Yeah.  Looks like DA has it's playoffs at the same time in Oceanside.  Again, the coaches will have to divide and conquer.  So lame.


----------



## Tallpines

I can tell you last year in the North American Cup we had the following coaches for U16;  Day 1 - 33, Day 2 - 22, Day 3 - 16, and Day 4 Final - 11 
Prior year in the Champions league we had the following coaches for U15: Day 1 - 73,  Day 2 - 88, Day 3 - 33


----------



## Dubs

Tallpines said:


> I can tell you last year in the North American Cup we had the following coaches for U16;  Day 1 - 33, Day 2 - 22, Day 3 - 16, and Day 4 Final - 11
> Prior year in the Champions league we had the following coaches for U15: Day 1 - 73,  Day 2 - 88, Day 3 - 33


That sounds like a pretty good turn out.  Hopefully it's similar this year.


----------



## meatsweats

Tallpines said:


> I can tell you last year in the North American Cup we had the following coaches for U16;  Day 1 - 33, Day 2 - 22, Day 3 - 16, and Day 4 Final - 11
> Prior year in the Champions league we had the following coaches for U15: Day 1 - 73,  Day 2 - 88, Day 3 - 33


I think the North American numbers are still respectable. It didn't look like that many, but I do know that there can be more than we think since coaches don't always stay all game or even sit. How was the recruitment efforts or coaches interest between the two years?


----------



## Tallpines

meatsweats said:


> I think the North American numbers are still respectable. It didn't look like that many, but I do know that there can be more than we think since coaches don't always stay all game or even sit. How was the recruitment efforts or coaches interest between the two years?
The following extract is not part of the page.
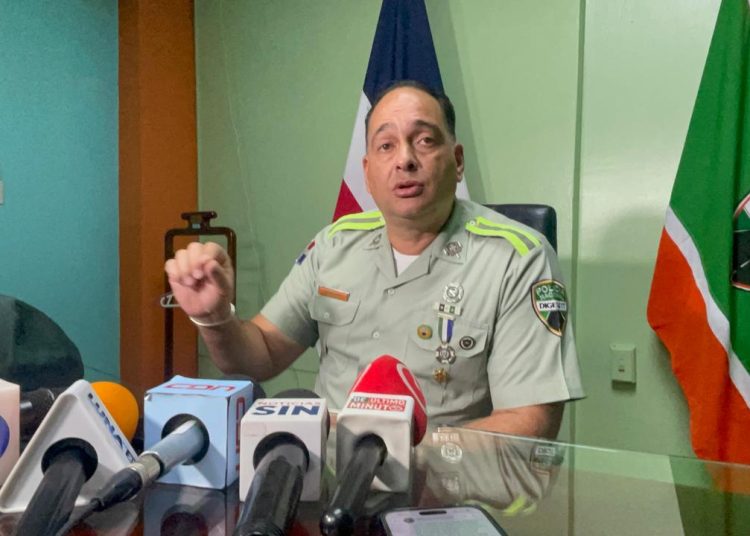 DIGESETT apunta a velocidad no prudente tras yipeta perder el control, derribar postes y dejar cuatro heridos en Santiago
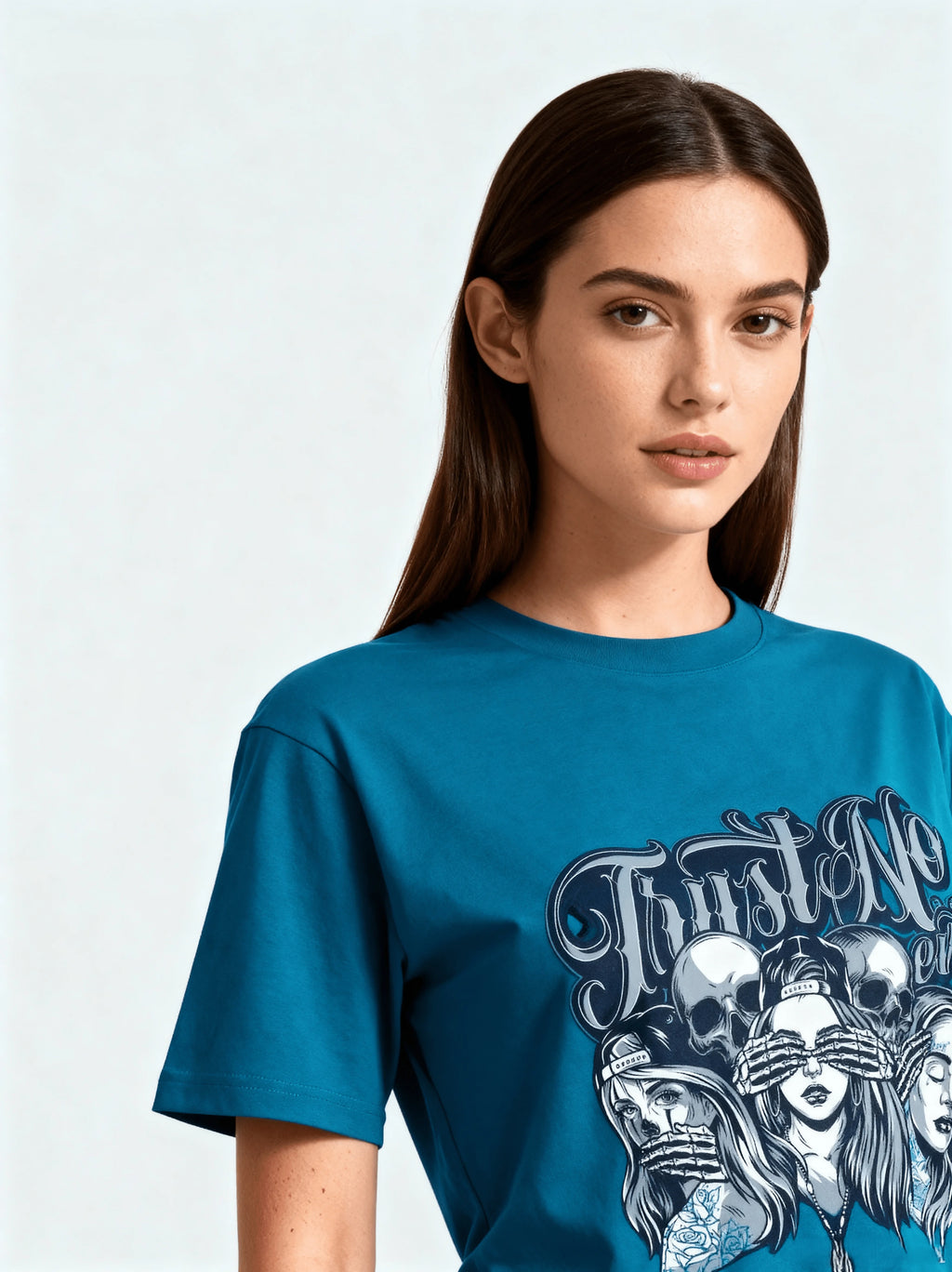 Trust No Evil — Oversized T-Shirt | Femme Edition - CozyVora™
Both years overall were very good but i would say at the two different championships the activity was higher the U15 year.  That being said, that was our biggest event by far for the U15 year and then most of our other events for the U16 year were very well attended.  In seemed interest during the beginning of the U15 year felt like the coach's were just getting a feel for this age group.  The interest picked up in the spring of the U15 year with recruiting and general activity being very high from ECNL spring showcase U15 year until PDA of the U16 year.  

U15
ECNL Fall Showcase -42 total over 3day
Surf Cup  - 41 total over 4 days
ECNL Spring Showcase - 92 over 3 days
ECNL Championships - Champions League - 128 over 3 days

US soccer age in between years

U16
ECNL Fall Showcase - 105 over 3 day
Silverlakes Showcase - 79 over 3 days remember this was that really  bad weather weekend as well
Players Showcase - 134 over 3 days
ECNL Spring Showcase -139 over 3 days
PDA - 129 over 3 days
ECNL Championship North American - 82 over 4 days


----------



## GoWest

Leading teams in the u15, u16 and u17 SW ECNL look strong heading into NJ and playoffs. I'm confident there will be coaches aplenty on the sidelines of those teams.


----------



## Susie Penn

ECNL New Jersey: all games cancelled today because of weather!http://www.pdasoccer.org/tournaments/pdagirlscollegeshowcase/index_E.html?1516633023


----------



## pitchplease

Such a bummer, and a lot of money for possibly two games! My DD called this morning bright and early to let us know about the games being cancelled. Being from the southwest, she isn't used to that kind of weather or how fast it can hit Thank God they had a very good turn out at yesterday's game with CC's. Unfortunate.


----------



## CaliKlines

pitchplease said:


> Such a bummer, and a lot of money for possibly two games! My DD called this morning bright and early to let us know about the games being cancelled. Being from the southwest, she isn't used to that kind of weather or how fast it can hit Thank God they had a very good turn out at yesterday's game with CC's. Unfortunate.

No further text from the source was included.